Sharklegs’ new piece explores the experiences of those working in Amazon Fulfilment Centres

© Tom Ziebell

When we began working on this show, we used Amazon. As theatre makers there was nothing better than realising you need a squeaky pig for the show and having it arrive the next day. But after hearing the testimonials of real Fulfilment Centre workers, we don't use Amazon any more. Once you meet the workers who have to walk 10 to 15 miles a day just to pick up your squeaky pig, you stop needing it tomorrow.

"Yeah – I work there, so what? You want me to say something like in the Panorama…"

So began a chance interaction with Graham [not his real name]. We had been developing the show for 10 months, researching all the articles we could get our hands on and had even visited the warehouse site in Tilbury, but it wasn't until Graham overheard us chatting on the train that we put a face to the experience.
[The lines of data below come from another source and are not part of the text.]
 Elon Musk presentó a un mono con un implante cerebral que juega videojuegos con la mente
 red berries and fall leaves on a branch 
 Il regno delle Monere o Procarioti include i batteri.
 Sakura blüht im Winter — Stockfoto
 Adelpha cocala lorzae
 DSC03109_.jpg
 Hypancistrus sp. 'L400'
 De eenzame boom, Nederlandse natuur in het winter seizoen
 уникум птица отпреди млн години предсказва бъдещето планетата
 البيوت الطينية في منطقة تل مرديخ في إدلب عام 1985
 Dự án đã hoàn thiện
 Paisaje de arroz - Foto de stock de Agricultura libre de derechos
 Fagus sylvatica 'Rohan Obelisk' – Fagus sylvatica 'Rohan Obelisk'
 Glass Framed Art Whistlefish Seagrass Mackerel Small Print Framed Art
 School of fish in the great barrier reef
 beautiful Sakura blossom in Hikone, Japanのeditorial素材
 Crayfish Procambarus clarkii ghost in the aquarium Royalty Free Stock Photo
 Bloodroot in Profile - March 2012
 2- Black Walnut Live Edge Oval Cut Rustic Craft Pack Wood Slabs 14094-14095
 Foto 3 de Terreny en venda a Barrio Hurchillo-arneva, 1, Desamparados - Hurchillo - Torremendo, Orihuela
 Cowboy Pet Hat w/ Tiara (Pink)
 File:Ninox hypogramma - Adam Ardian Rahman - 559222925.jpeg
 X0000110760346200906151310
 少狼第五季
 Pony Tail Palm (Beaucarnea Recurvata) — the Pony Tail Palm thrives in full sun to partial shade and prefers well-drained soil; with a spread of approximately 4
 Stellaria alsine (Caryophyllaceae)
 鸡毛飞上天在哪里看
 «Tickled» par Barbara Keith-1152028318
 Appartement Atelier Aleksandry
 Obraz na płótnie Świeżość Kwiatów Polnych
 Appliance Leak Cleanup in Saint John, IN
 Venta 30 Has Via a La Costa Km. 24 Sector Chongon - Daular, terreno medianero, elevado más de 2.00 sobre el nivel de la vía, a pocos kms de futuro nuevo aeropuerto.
Only after explaining that we were not looking for "dirt" but wanted to meet and chat to real workers did Graham finally lower his guard and not only chat with us, but introduce us to some of the other workers he knew – although he couldn't quite comprehend why we were so interested. "It's just a job. No one likes their job."

A computer creates distance, it creates a space between you and the people you are asking to work for your money

Everyone uses Amazon now. It's weirdly diverse, old and young, wealthy and low income, it has become the default option for shopping online, even the Fulfilment Centre workers we interviewed used Amazon – in the same breath that they told us they've been forced to come in to work sick because otherwise they'd lose the job, they told us they could pick up items they ordered from the Amazon safe lockers as they left work. We just all love ordering from Amazon! That's really why we made this show, Fulfilment is disarmingly funny and playful, our gorgeous puppet Robox charms the audience and makes its way into their lives. There's no point lecturing an audience, you need to win them over and Robox is our secret charm weapon!

A computer creates distance, it creates a space between you and the people you are asking to work for your money, it allows us to not see the vast human machine needed to provide you with the most convenience. It becomes possible not to empathise, to literally not see the people who make your life easier. Theatre is the opposite of that – it's about sitting in a room sharing the experience, the stories are right there in front of you, the people might be next to you and you can see the real sweat, and in this show you can eat the real hobnobs. We wanted to make this show to bring the voices from the people behind the screen to the people who sit in front of it.